_Source information_.
_ _ _
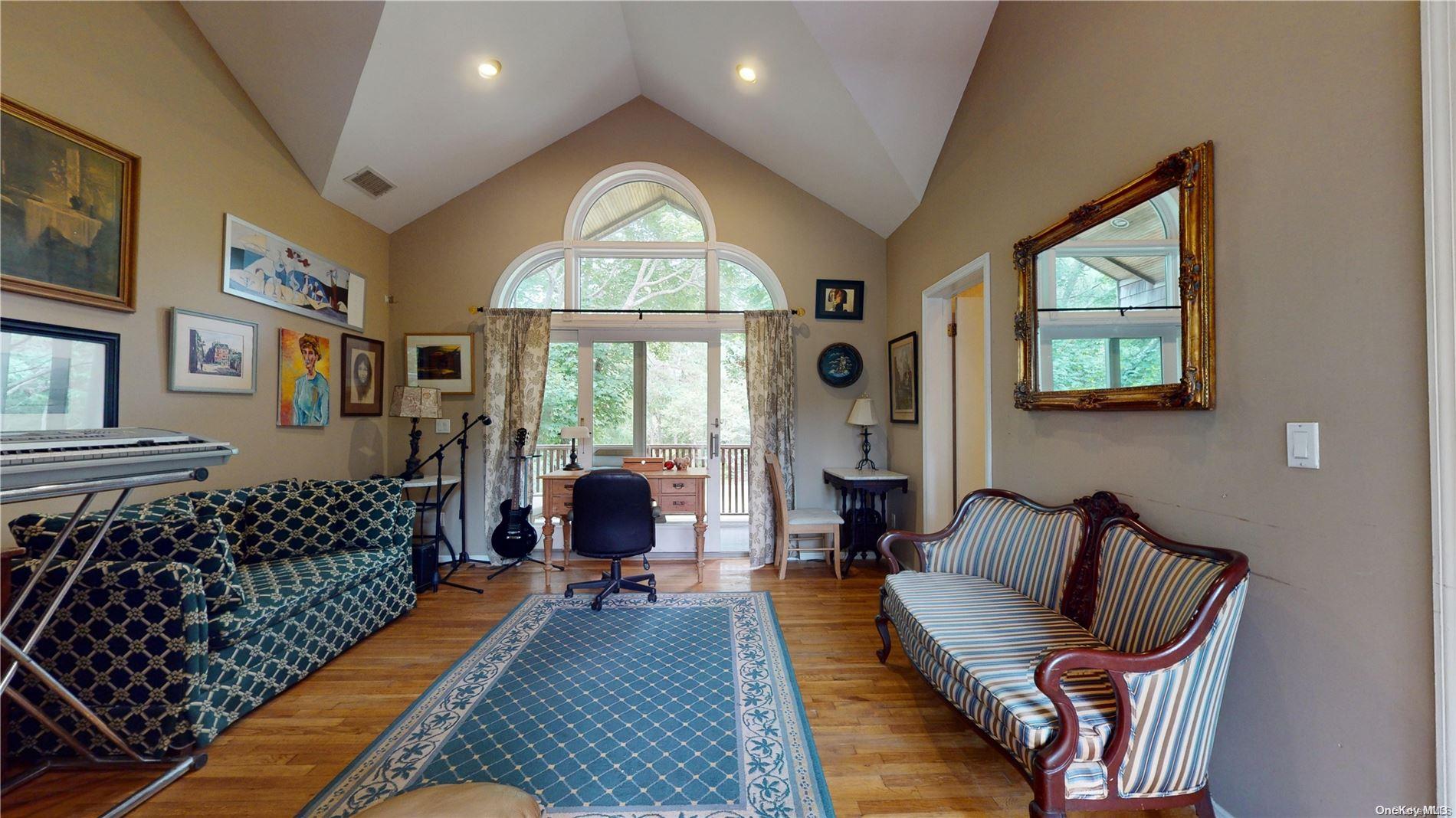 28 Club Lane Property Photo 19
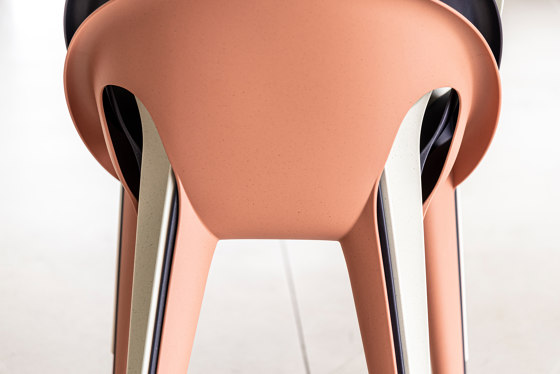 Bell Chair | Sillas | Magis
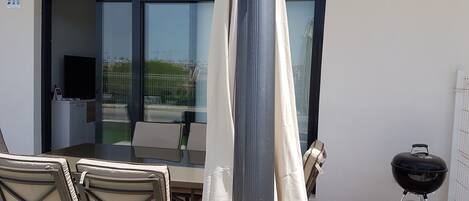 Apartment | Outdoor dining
_ _ _
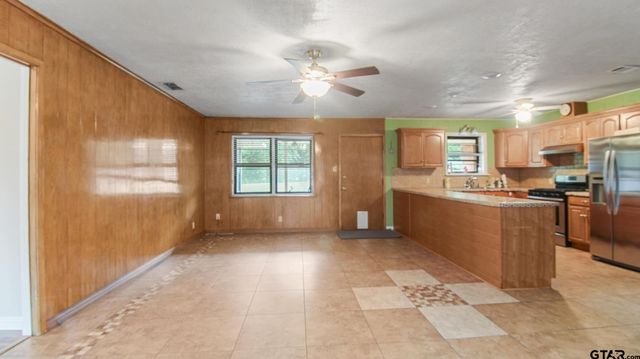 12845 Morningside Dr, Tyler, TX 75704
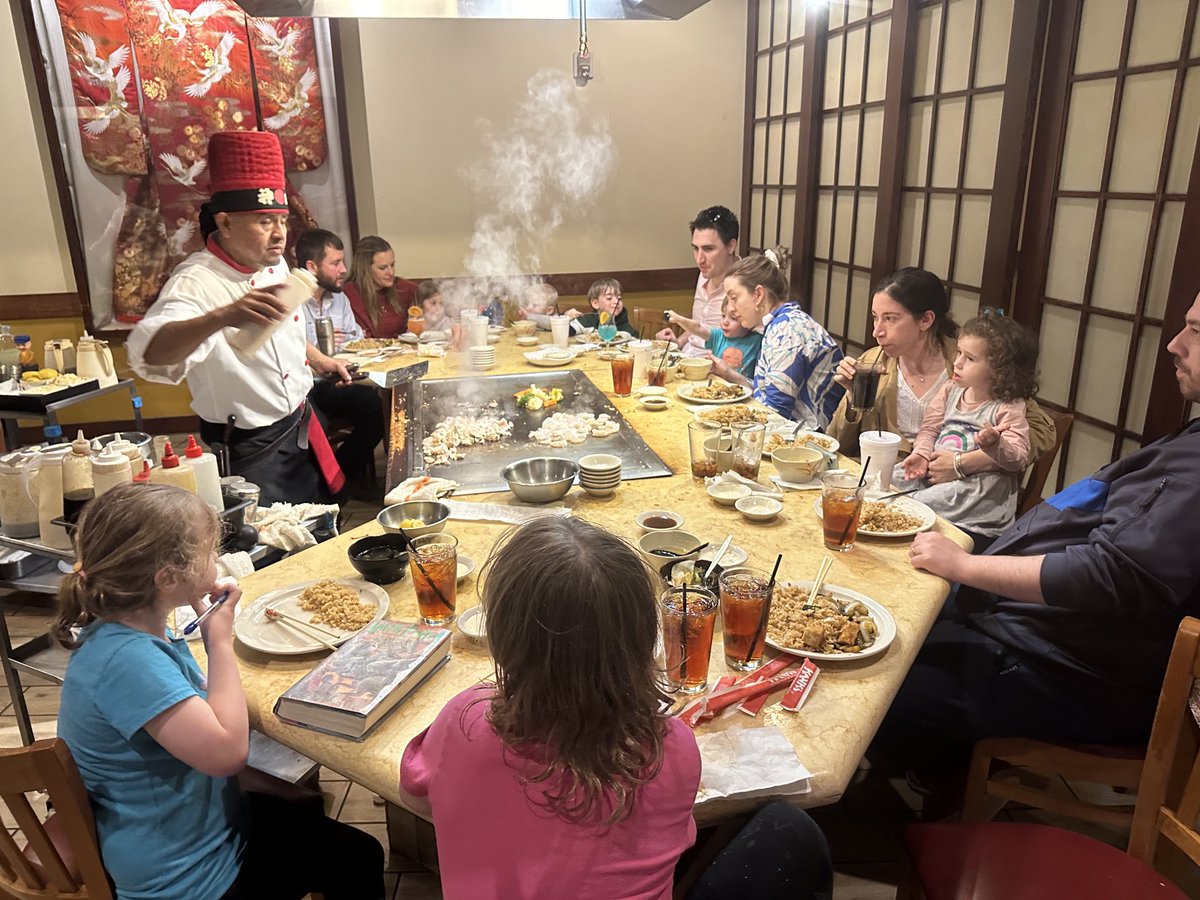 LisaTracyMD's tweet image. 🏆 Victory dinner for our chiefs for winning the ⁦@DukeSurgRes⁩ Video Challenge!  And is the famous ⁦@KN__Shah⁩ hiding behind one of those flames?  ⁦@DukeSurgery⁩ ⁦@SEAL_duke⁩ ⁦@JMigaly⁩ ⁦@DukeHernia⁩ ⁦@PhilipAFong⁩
_ _ _
_Work instructions_. Within the data above, repeat exactly the lines from the one bearing "28 Club Lane Property Photo 19" through the one bearing "Apartment | Outdoor dining". Include no pictures and nothing else.

_Task output_.
 28 Club Lane Property Photo 19
 Bell Chair | Sillas | Magis
 Apartment | Outdoor dining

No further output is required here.